Science and history themes are popular with young readers and provide great sources for exploration at home or on family travels. Books in Scholastic's Discover More series for ages 4-8 have stunning full-color photographs and the opportunity to download a free digital book at scholastic.com/discovermore as a companion and activity journal.
The Good Question! series from Sterling Children’s Books ($12.95 hardback, $5.95 paperback; ages 8 and up) has both photographs and color plates providing information on subjects such as “How Does the Ear Hear?” and “Why Does Earth Spin?” Added features in each of the seven latest titles are the graphs, charts and expansive bibliographies.
Some activities for summer are camping, going to the zoo, learning a skill such as hula-hooping, playing with kites and baseball.
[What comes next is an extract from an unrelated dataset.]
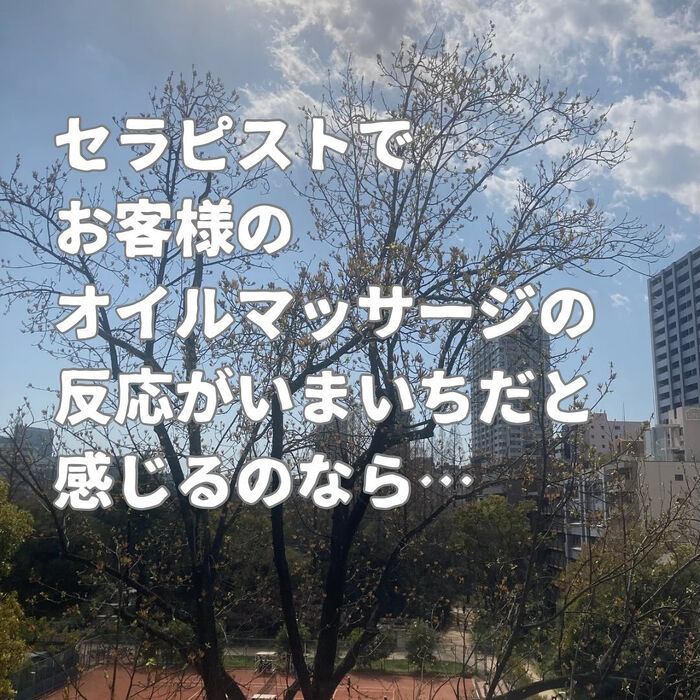 画像2596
Following are books for each of these subjects that will augment the fun.
"CAMP REX,” by Molly Idle, Penguin, $16.99 (ages 3-6)
Camping is fun; the air invigorating. But what about camping if your buddies are dinosaurs? Find out!
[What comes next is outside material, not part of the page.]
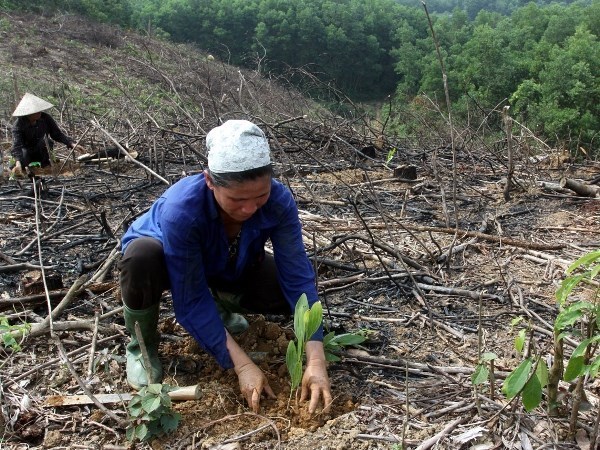 8 million ethnics to benefit from improved land management project hinh anh 1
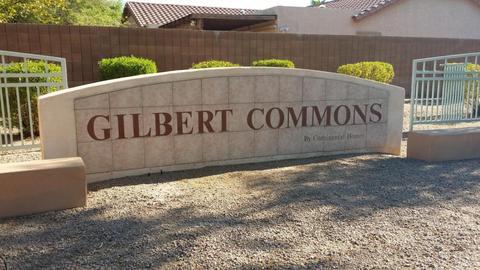 130 E Lowell Ave, Gilbert, AZ 85295 photo 44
"WHAT’S NEW? THE ZOO! A Zippy History of Zoos,” by Kathleen Krull, illustrated by Marcellus Hall, Scholastic, $17.99 (ages 4-8)
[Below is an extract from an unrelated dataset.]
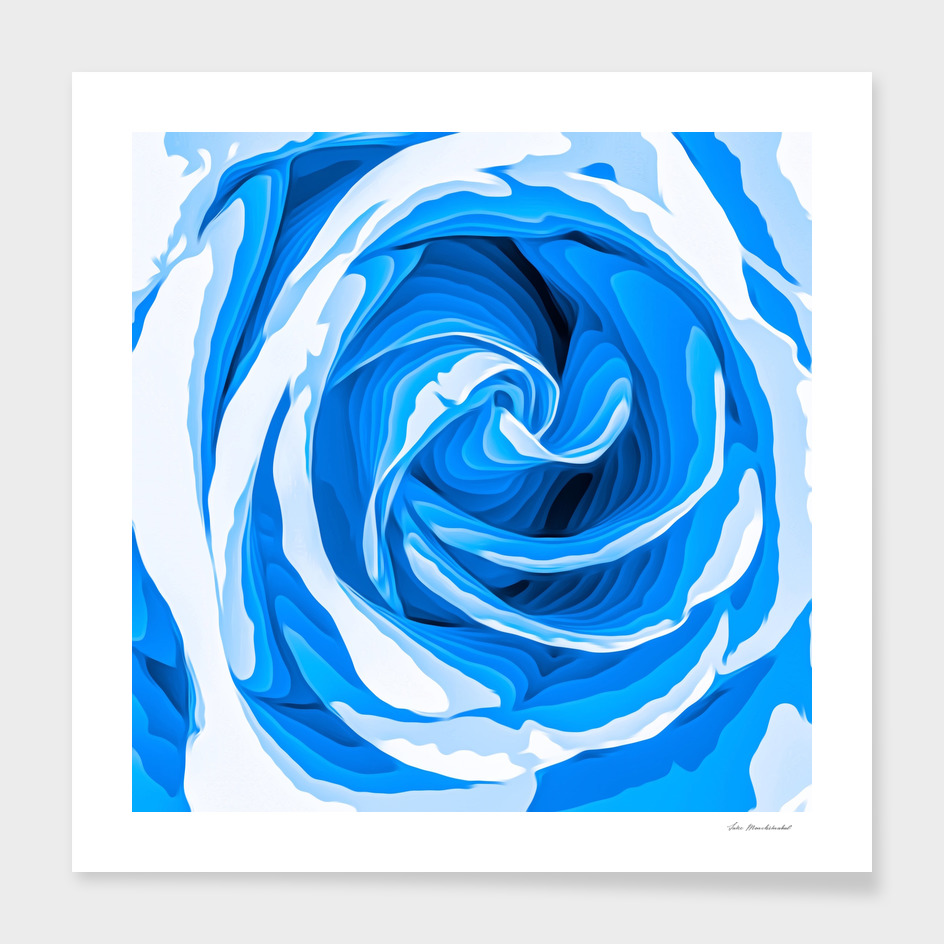 closeup blue rose texture abstract background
This starts with notations from about 3,500 years ago in Ethiopia and follows a timeline of information to zoos of today that “make us gasp with awe.” Author Kathleen Krull has given us a “romp through history.”
“THE HULA-HOOPIN’ QUEEN,” by Thelma Lynne Godin, illustrated by Vanessa Brantley-Newton, Lee & Low Books, $18.95 (ages 6-8)
Kameeka may not teach the basics of hula-hooping, but her story celebrates a community where young and old find joy in each other, especially when “hoops are swishin’ and swingin’ all the way down the block.”
“KING FOR A DAY,” by Rukhsana Khan, illustrated by Christiane Kromer, Lee & Low Books, $17.95 (ages 8 and up)
This story tells of Malik, who is determined to be King of the Kite Festival in Pakistan. Glorious illustrations accompany the traditional ethnic practice of kite flying.
“THE STREAK: How Joe DiMaggio Became America’s Hero,” by Barb Rosenstock, illustrated by Terry Widener, Calkins Creek/Boyds Mills, $16.95 (ages 8 and up)
This relates the story of Joe DiMaggio’s hitting streak during the summer of 1941. Schedules, charts and additional outside reading make this a history for any sports fan.
“AWESOME POSSUM FAMILY BAND,” by Jimmy Osmond, illustrated by Bob Ostrom, Regnery Publishing, $16.99 (ages 5-8)
Summer fun probably includes time with family. A book about local celebrities written by the ninth in the Osmond family may provide a chuckle or two. Details about each of the family members bring the action up to date.
“PROJECT KID: 100 Ingenious Crafts for Family Fun,” by Amanda Kingloff, Artisan Books, $22.95 (all ages)
Whether it’s home, classroom or just backyard planning, this book is a must to try out crafts for all seasons. Full-color photographs with easy-to follow instructions make this something for all ages.
“MAKER DAD: Lunch Box Guitars, Antigravity Jars and 22 Other Incredibly Cool Father-Daughter DIY Projects,” by Mark Frauenfelder, Amazon/New Harvest, $20 (all ages)
Here are easy ways to make items for fun and gifts. Sons will enjoy working these out with dad, too.
“ELLA’S KITCHEN: The Big Baking Book, The Yellow One,” Octopus Publishing, $19.99 (all ages)
More than 100 tasty treats may entice picky eaters, especially when they plan and cook up the recipes themselves. Full-color pages with specific directions make “Ella’s Kitchen” a winner for beginners and older bakers.